Então, por um lado, ler este romance desencavado é um ato subversivo e carinhoso: subversivo contra a sociedade que só considerou Carolina digna de ser diarista, e carinhoso com ela, ao dar uma chance aos textos que ela mesma considerava seus mais importantes.

Por outro lado, porém, a literatura é ingrata: autores raramente ficam famosos pelas obras que querem. Joan Didion e Susan Sontag, Paulo Francis e Carl Sagan, Harold Bloom e Gilberto Freyre, todos escreveram romances pelos quais gostariam de ser lembrados, mas que público e crítica consideraram muito inferiores à suas obras não ficcionais.

Carolina, quando escreve seus diários, tem uma urgência primordial, uma raiva indomável que turbina sua prosa e faz com que produza pensamentos e frases inesquecíveis. "Quarto de Despejo" é uma porrada atrás da outra.

Já "O Escravo" é frio: tudo aquilo que dá vida e potência a "Quarto de Despejo" está ausente. Parece um exercício de escrita criativa no qual uma autora muito talentosa está explorando a ficção pela primeira vez, testando o terreno, descobrindo até onde pode ir, usando palavras difíceis para experimentar o efeito.

Não é que Carolina só podia falar, ou só deveria ter falado, de suas experiências pessoais como mulher negra favelada. Mas, comparando o "Quarto de Despejo" que foi best-seller mundial com a narrativa desconjuntada de "O Escravo", não é um desserviço a ela reconhecer que, quando escrevia sobre o assunto que sentia como urgente e revoltante, era uma autora mais vigorosa do que quando timidamente ensaiava seus primeiros passos no romance.

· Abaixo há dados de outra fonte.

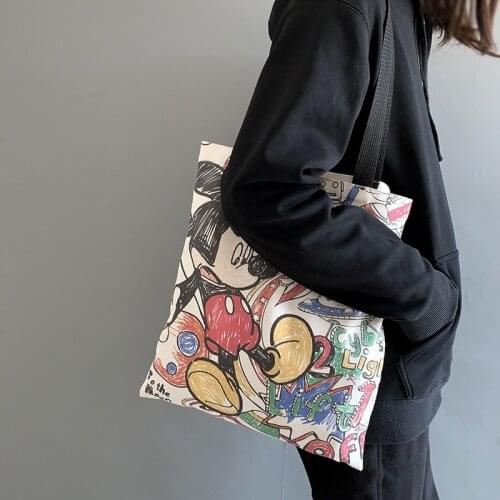 Brand Design New Canvas Bag Women One Shoulder Bag Girls Cartoon Cute Student Canvas Bag Disney Mickey Shoulder Bag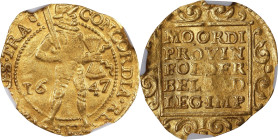 NETHERLANDS. Utrecht. Ducat, 1647. Utrecht Mint. NGC MS-61.
Fr-284; KM-7.1. Weight: 3.45 gms.

Estimate: $400.00- $600.00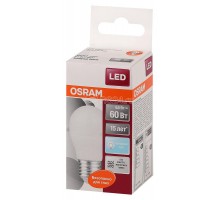 Лампа светодиодная LED STAR CLASSIC P 60 6.5W/840 6.5Вт шар 4000К нейтр. бел. E27 550лм 220-240В матов. пласт. OSRAM 4058075134324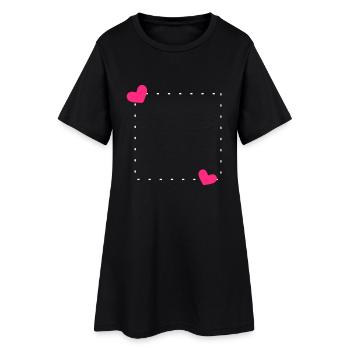 Cadre coeur ligne ornement - Robe T-shirt Femme - noir - Devant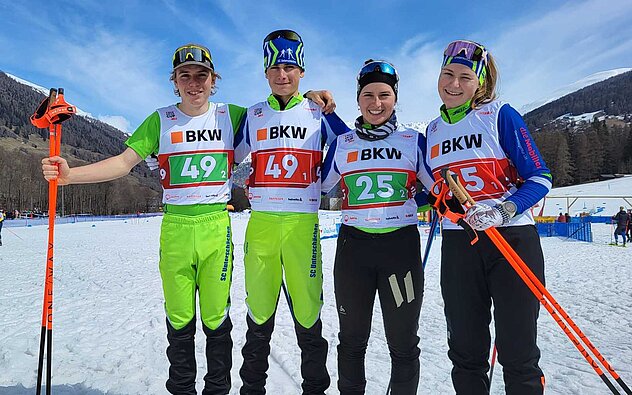 Die Akteure des Teamsprints von links: Nico und Mario Briker, Céline Arnold und Nina Walker (Bild Roman Briker)
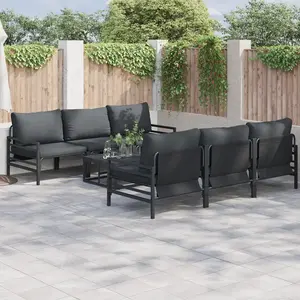 Comparateur de prix : vidaXL Ensemble de canapé de jardin avec coussin avec oreiller 7 pcs Anthracite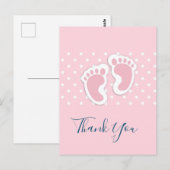Niedlich Pink baby Girl Footprints - Danke Postkarte (Vorne/Hinten)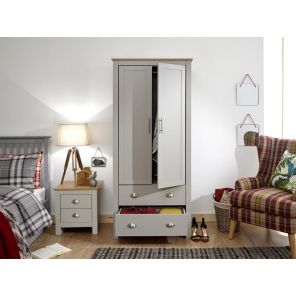 Lancaster Grey 2 Door 2 Drawer Wardrobe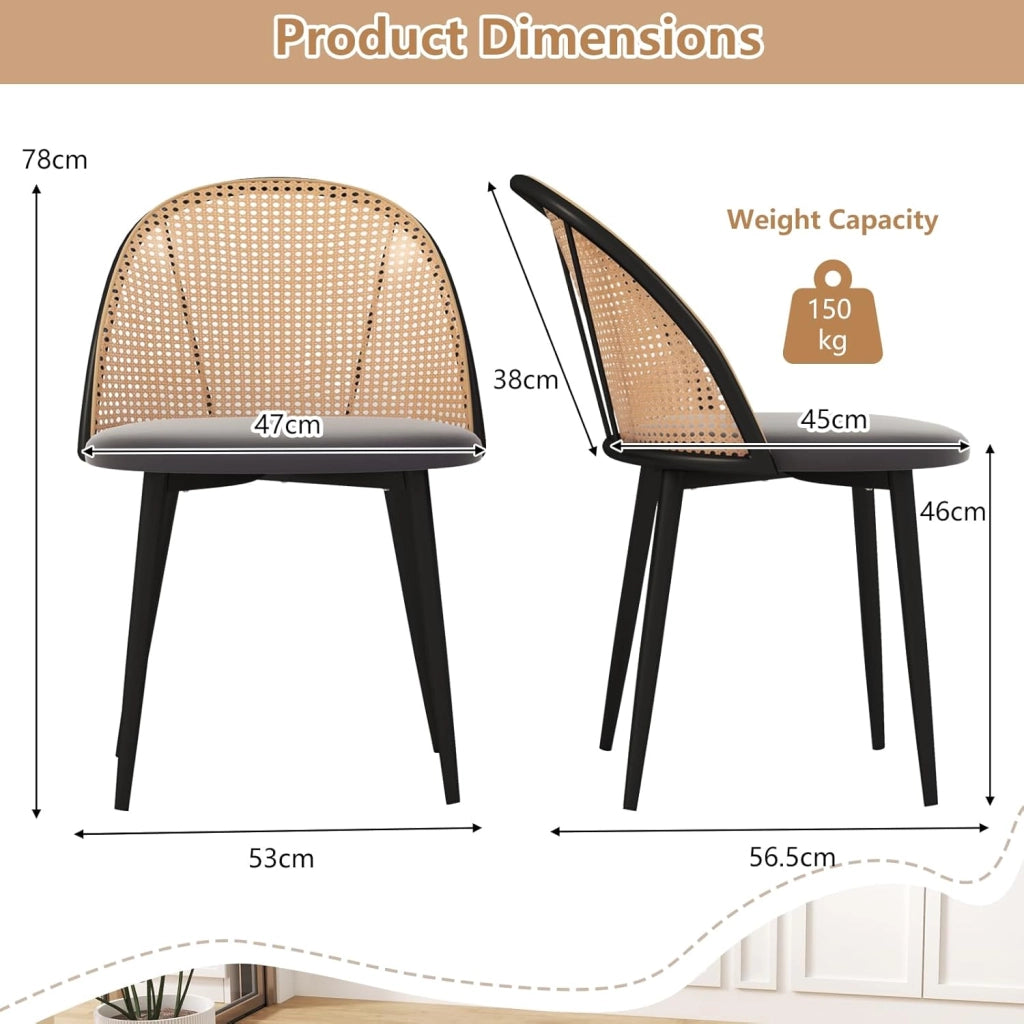 Set di 2 sedie da pranzo in rattan, da cucina senza braccioli con schienale intrecciato e gambe in metallo, da ristorante, portata fino a 150 kg, sedie imbottite in rattan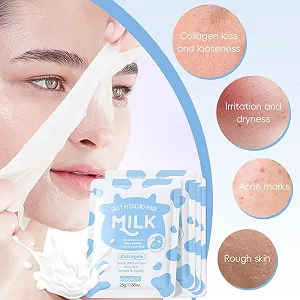 Тканинна маска для обличчя MINGRUO Зволожуюча (Молоко), 10 шт synthetic.ua - Фото 1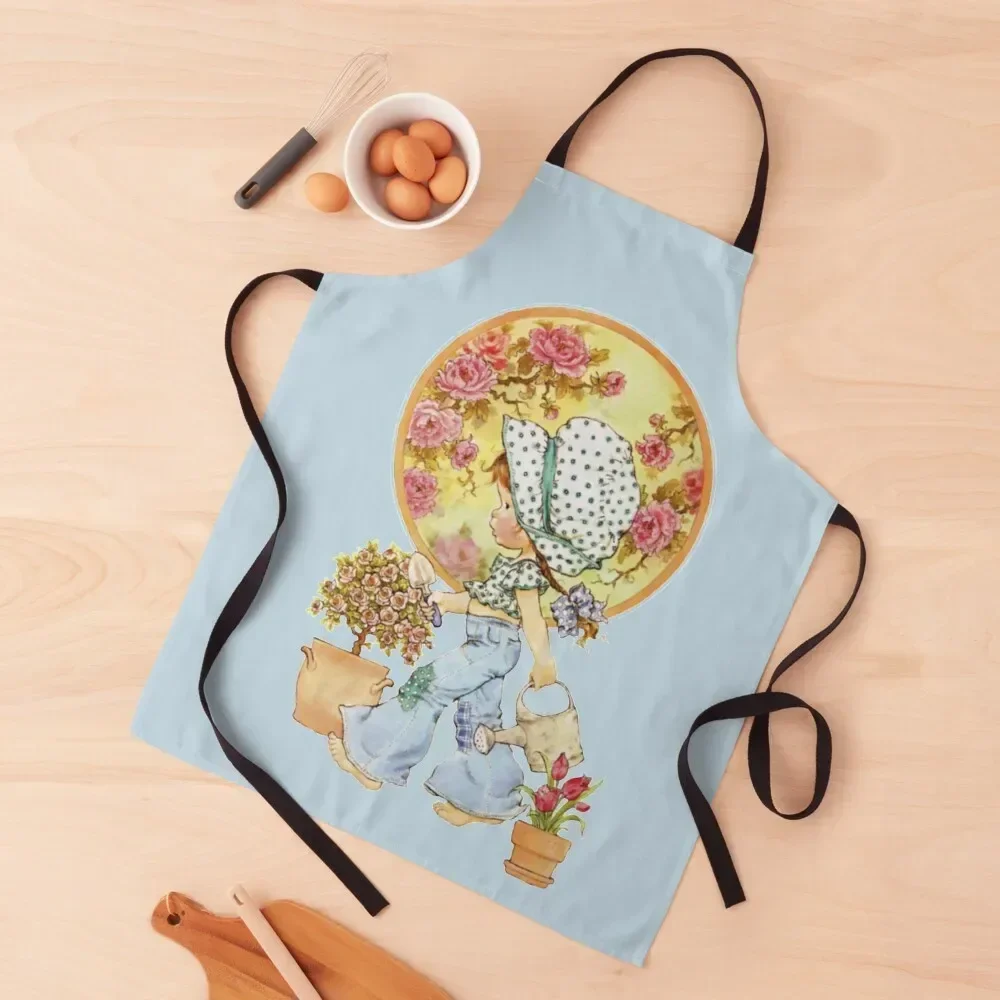 Sarah Kay - Girl, roses and watering can (Ziggurat color) Apron Cute Kitchen Accessories Kitchen Items Apron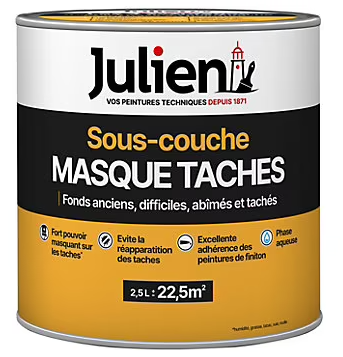 Sous-couche Masque Taches pour murs et plafonds toutes pièces Julien Mat Blanc 2,5L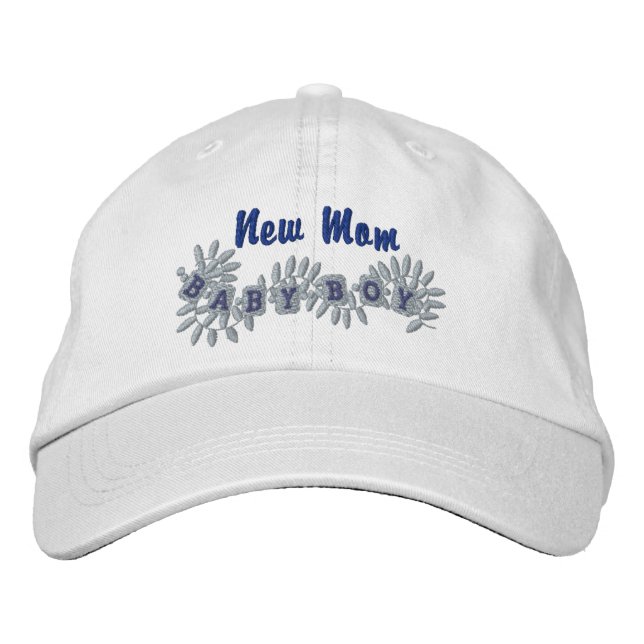 New Mom -Boy Embroidered Baseball Hat (Front)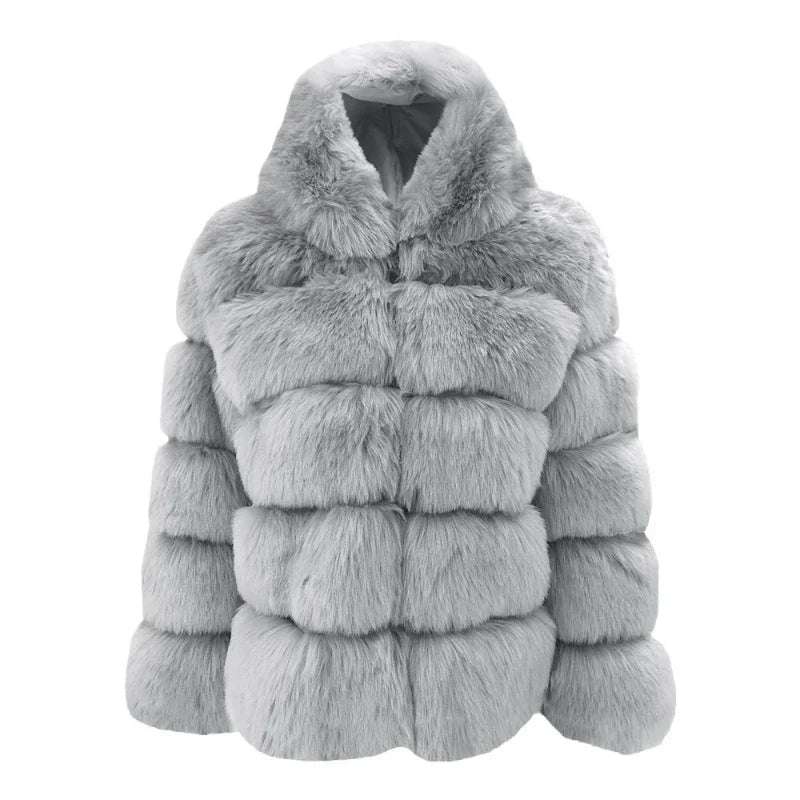 FZ Women's Faux Fur Hooded Zipper Full Sleeve Thick Warm Open Stitch Coat Jacket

Também não se critica aqui a iniciativa de publicar "O Escravo" —estamos há séculos fazendo pior com homens brancos mortos. O próprio Kerouac teve publicado há pouco o manuscrito original de "On the Road", que padece de muitos dos males de "O Escravo".

Carolina Maria de Jesus, mulher preta, já é uma grande autora canônica brasileira. A prova é que textos inéditos de qualidade inferior estão sendo desencavados do fundo de seu baú, publicados por nossa maior editora e resenhados por nosso maior jornal. Essa é praticamente a definição de autor canônico. Representatividade importa.